Work request: With the line containing "Contemporary Overyed Wool" as the start and the line containing "red Agate barrel Beads" as the end, transcribe that span of the entries below exactly, including both.

Data for processing:
******************************

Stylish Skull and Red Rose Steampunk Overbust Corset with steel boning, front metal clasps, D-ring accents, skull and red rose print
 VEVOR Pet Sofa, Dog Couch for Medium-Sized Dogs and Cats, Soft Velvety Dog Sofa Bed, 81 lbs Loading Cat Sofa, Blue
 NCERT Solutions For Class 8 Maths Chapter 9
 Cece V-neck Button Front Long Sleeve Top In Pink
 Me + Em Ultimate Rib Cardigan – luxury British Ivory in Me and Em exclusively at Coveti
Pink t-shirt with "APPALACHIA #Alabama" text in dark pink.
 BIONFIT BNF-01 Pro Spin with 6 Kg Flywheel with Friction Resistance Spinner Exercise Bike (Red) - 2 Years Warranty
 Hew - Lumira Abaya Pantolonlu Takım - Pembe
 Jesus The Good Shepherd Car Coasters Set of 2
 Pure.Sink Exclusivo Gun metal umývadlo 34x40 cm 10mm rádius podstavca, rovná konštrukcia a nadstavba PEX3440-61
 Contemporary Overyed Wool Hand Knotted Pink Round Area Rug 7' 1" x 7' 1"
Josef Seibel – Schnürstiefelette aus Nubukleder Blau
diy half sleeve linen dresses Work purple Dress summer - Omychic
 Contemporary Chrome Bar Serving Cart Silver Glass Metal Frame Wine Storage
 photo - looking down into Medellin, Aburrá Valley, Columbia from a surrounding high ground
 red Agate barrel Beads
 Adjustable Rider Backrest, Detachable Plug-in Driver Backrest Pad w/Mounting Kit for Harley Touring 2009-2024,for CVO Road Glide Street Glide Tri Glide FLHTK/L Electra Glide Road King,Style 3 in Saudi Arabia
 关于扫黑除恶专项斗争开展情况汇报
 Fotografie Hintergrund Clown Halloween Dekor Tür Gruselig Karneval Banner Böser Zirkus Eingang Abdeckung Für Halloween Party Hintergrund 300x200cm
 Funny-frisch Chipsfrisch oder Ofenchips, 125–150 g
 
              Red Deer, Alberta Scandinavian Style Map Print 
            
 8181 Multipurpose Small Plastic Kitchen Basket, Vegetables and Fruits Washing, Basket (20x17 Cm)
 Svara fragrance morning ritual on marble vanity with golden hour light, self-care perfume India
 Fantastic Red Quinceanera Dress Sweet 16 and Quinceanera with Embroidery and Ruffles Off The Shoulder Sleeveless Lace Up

******************************

Solution to the exercise:
 Contemporary Overyed Wool Hand Knotted Pink Round Area Rug 7' 1" x 7' 1"
Josef Seibel – Schnürstiefelette aus Nubukleder Blau
diy half sleeve linen dresses Work purple Dress summer - Omychic
 Contemporary Chrome Bar Serving Cart Silver Glass Metal Frame Wine Storage
 photo - looking down into Medellin, Aburrá Valley, Columbia from a surrounding high ground
 red Agate barrel Beads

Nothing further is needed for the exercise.